Die Entgeltpunkte errechnen sich, indem jeder Jahresverdienst der letzten drei Kalenderjahre vor Eintritt der Erwerbsminderung oder Berufsunfähigkeit durch den Wert des durchschnittlichen Arbeitsverdienstes aller Versicherten des jeweiligen Kalenderjahres geteilt wird. Hat ein Versicherter genauso viel verdient wie durchschnittlich alle Versicherten, errechnet sich für einen Jahresverdienst 1 Entgeltpunkt. Die ermittelten Entgeltpunkte der letzten drei Kalenderjahre sind zusammenzurechnen. Für die Ermittlung der Hinzuverdienstgrenzen sind nicht nur die Entgeltpunkte aus den Arbeitsverdiensten heranzuziehen. Auch die Entgeltpunkte für sonstige Zeiten (z.B. Krankheitszeiten, Zeiten der Arbeitslosigkeit) sind in die Berechnung einzubeziehen. Die Höhe der individuellen Hinzuverdienstgrenzen wird bei Versicherten, die freiwillige Beiträge zahlen u. a. durch die Höhe dieser Beiträge bestimmt. Allgemein kann gesagt werden, dass die Hinzuverdienstmöglichkeit um so größer ist, je höhere freiwillige Beiträge gezahlt worden sind. Mit der vorstehend genannten Berechnungsformel werden monatliche Hinzuverdienstgrenzen errechnet. Wird ein zu berücksichtigender Hinzuverdienst nicht in einem vollen Kalendermonat, sondern nur in einem Teilmonat erzielt, gilt eine entsprechend anteilige Hinzuverdienstgrenze.
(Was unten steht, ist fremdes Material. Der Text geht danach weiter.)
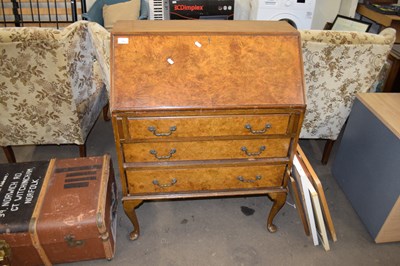 Lot 798 - WALNUT VENEERED THREE DRAWER BUREAU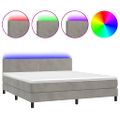 vidaXL Posteľ boxsping s matracom a LED bledosivá 180x200 cm zamat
Da die individuellen Hinzuverdienstgrenzen für jeden Versicherten grundsätzlich individuell zu ermitteln und daher für jeden Rentenbezieher unterschiedlich sind, stellen die nachfolgend genannten Hinzuverdienstgrenzen nur Anhaltspunkte dar. Dabei wurde von sog. „Durchschnittsverdienern“, „Höchstverdienern“ oder von Versicherten ausgegangen, die in den letzten drei Kalenderjahren nicht mindestens 1,5 Entgeltpunkte haben. Ferner wurde ein Eintritt der Erwerbsminderung im Jahr 2002 unterstellt. Ein Durchschnittsverdiener hat dabei in den Kalenderjahren 1999, 2000 und 2001 genauso viel verdient wie durchschnittlich alle Versicherten. Ein Höchstverdiener hat in den Jahren 1999 bis 2001 jeweils einen Jahresverdienst mindestens in Höhe der Beitragsbemessungsgrenze erzielt.
Für Versicherte, bei denen für die letzten drei Kalenderjahre vor Beginn der Rente wegen Erwerbsminderung keine oder nicht mindestens 1,5 Entgeltpunkte errechnet werden können, weil sie z.B. nicht berufstätig oder zwar beschäftigt aber nicht versicherungspflichtig waren, errechnet sich die Hinzuverdienstgrenze unter Ansetzung von 1,5 Entgeltpunkten.